WHAT YOU NEED TO DO: Although pictures appear in the entries below, leave them out and print exactly the lines from the first line through the line containing "Completed retail and".

SOURCE DATA:
====
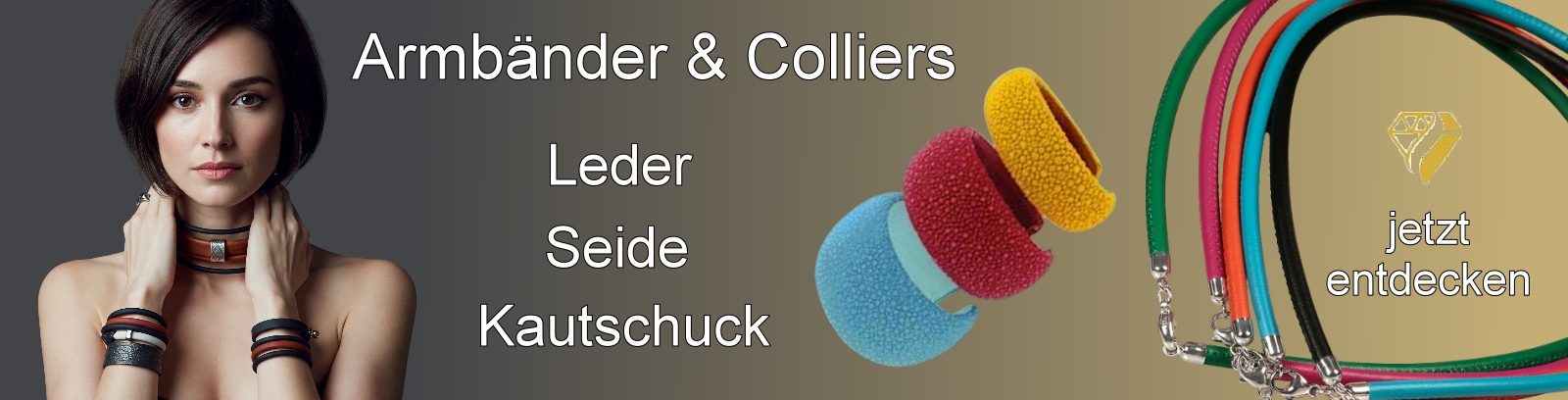 Armbänder und Colliers individuell aus Leder, Kautschuk, Seide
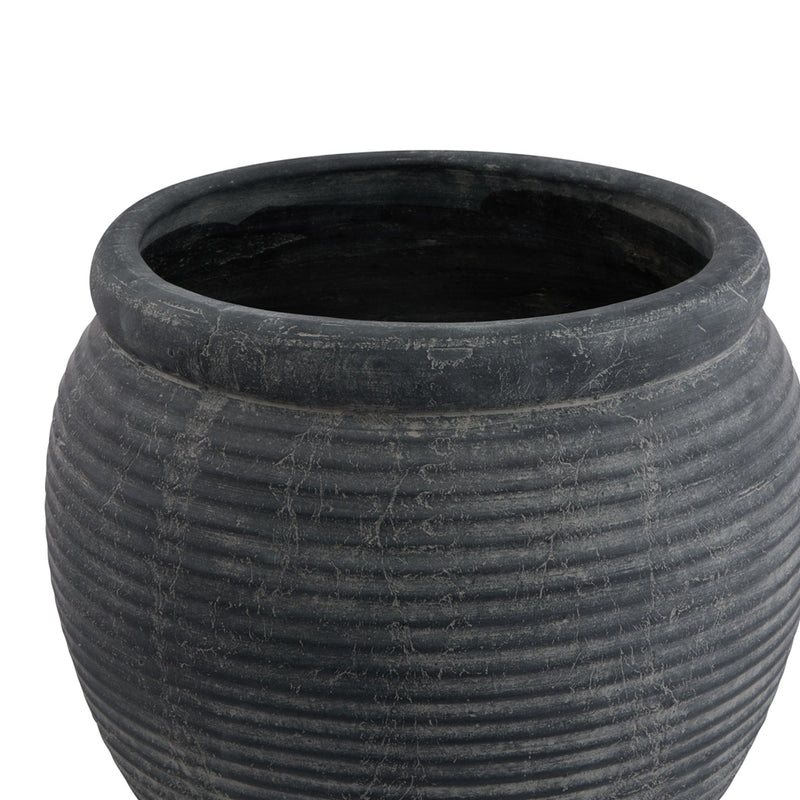 Small Dark Grey Ridged Plant Pot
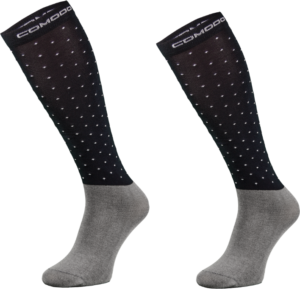 Podkolanówki jeździeckie DOTS z mikrofibry navy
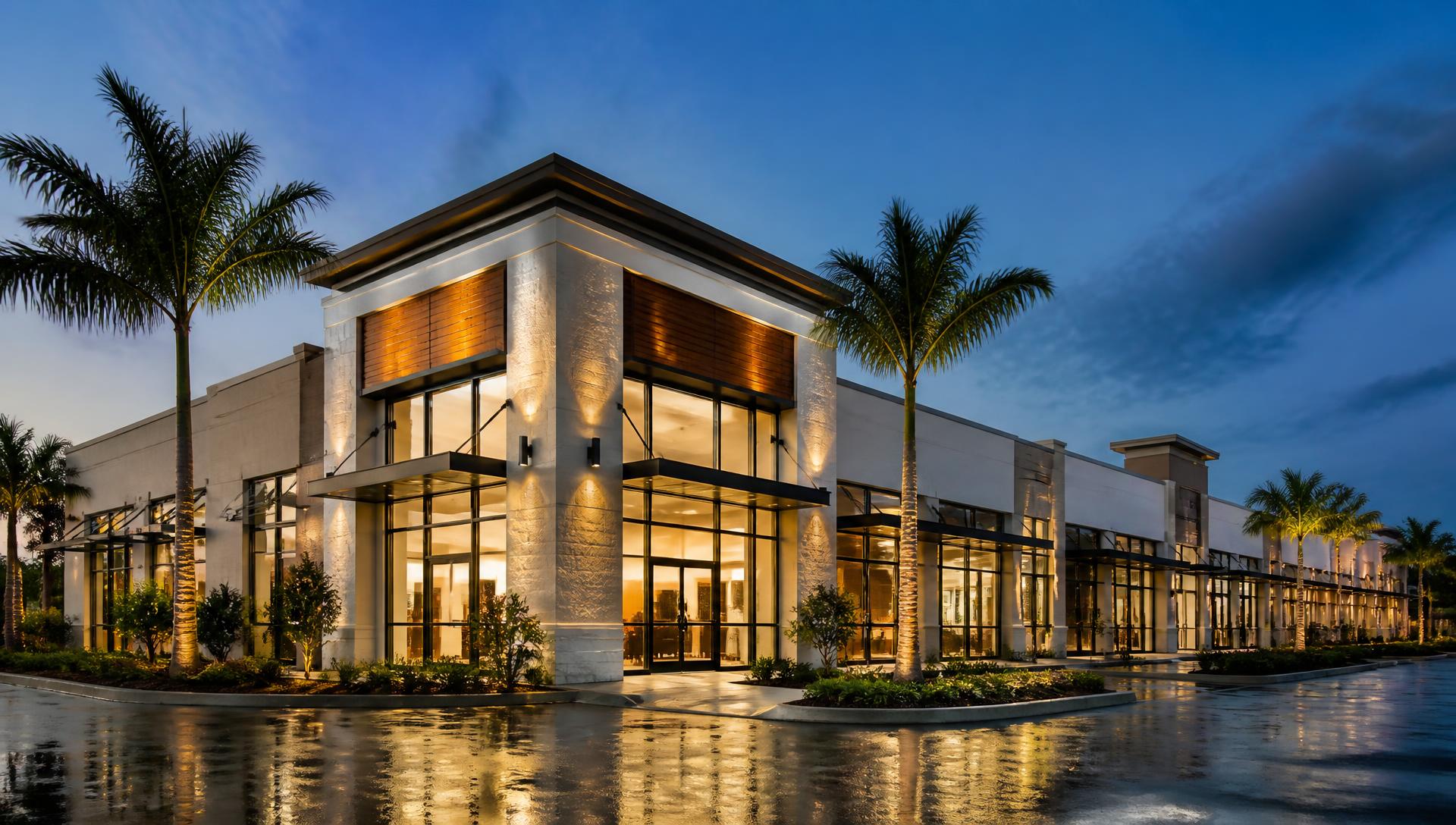 Completed retail and office building in South Florida lit at dusk with palm trees along the entry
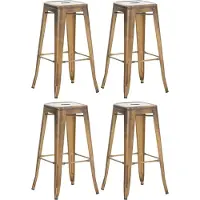 BellaFurn 4-teiliges Barhocker-Set - Hochhocker - Stapelbares Design, platzsparend und langlebig | Farbe: Gold
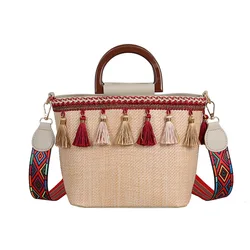 Support custom fashionable rattan bali straw bags women handbags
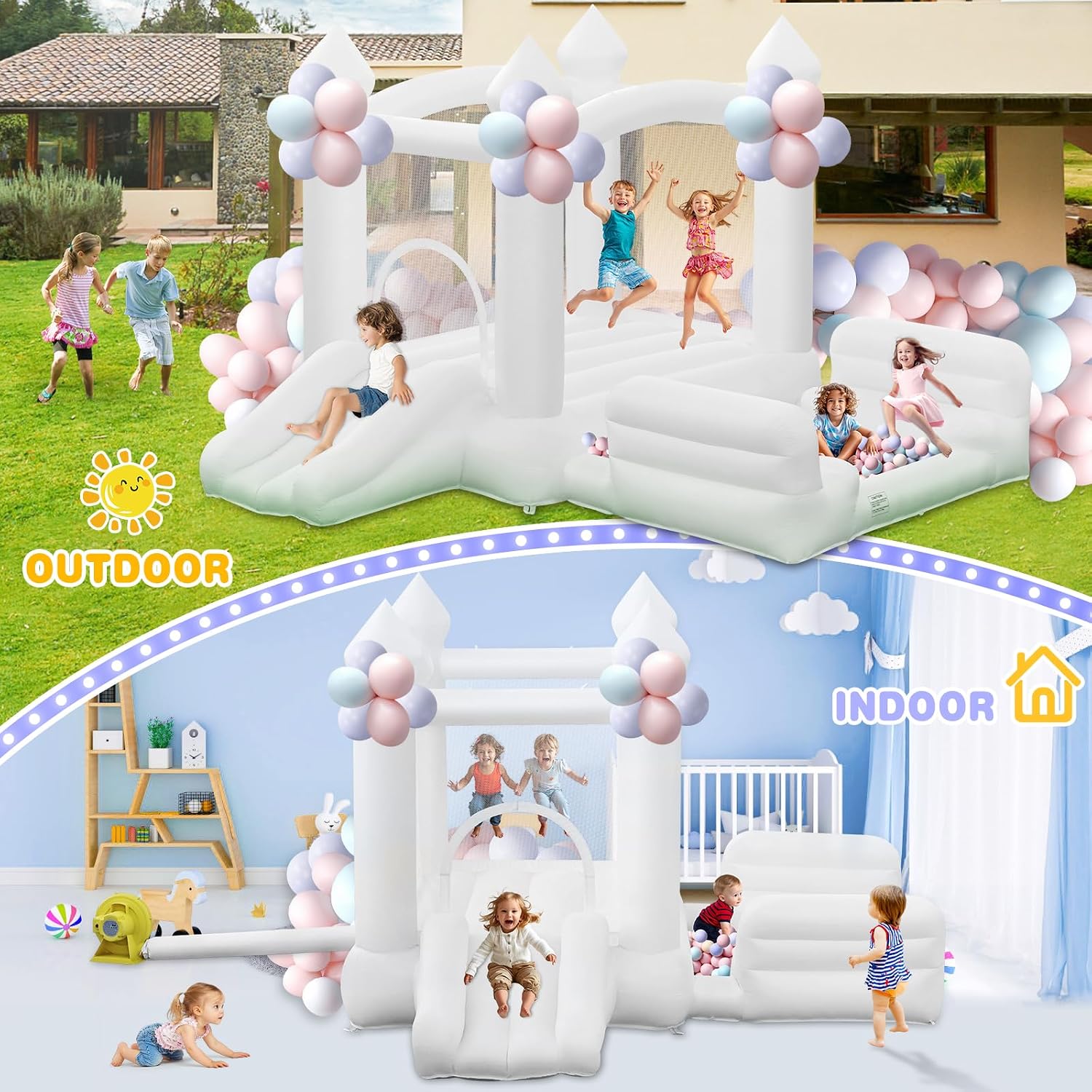 AUCT 18437 - $300 White Bounce House for Kids 3-8, Inflatable Bouncy House with Air Blower Slide Ball P - Image 3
====
ANSWER SECTION:
 Armbänder und Colliers individuell aus Leder, Kautschuk, Seide
 Small Dark Grey Ridged Plant Pot
 Podkolanówki jeździeckie DOTS z mikrofibry navy
 Completed retail and office building in South Florida lit at dusk with palm trees along the entry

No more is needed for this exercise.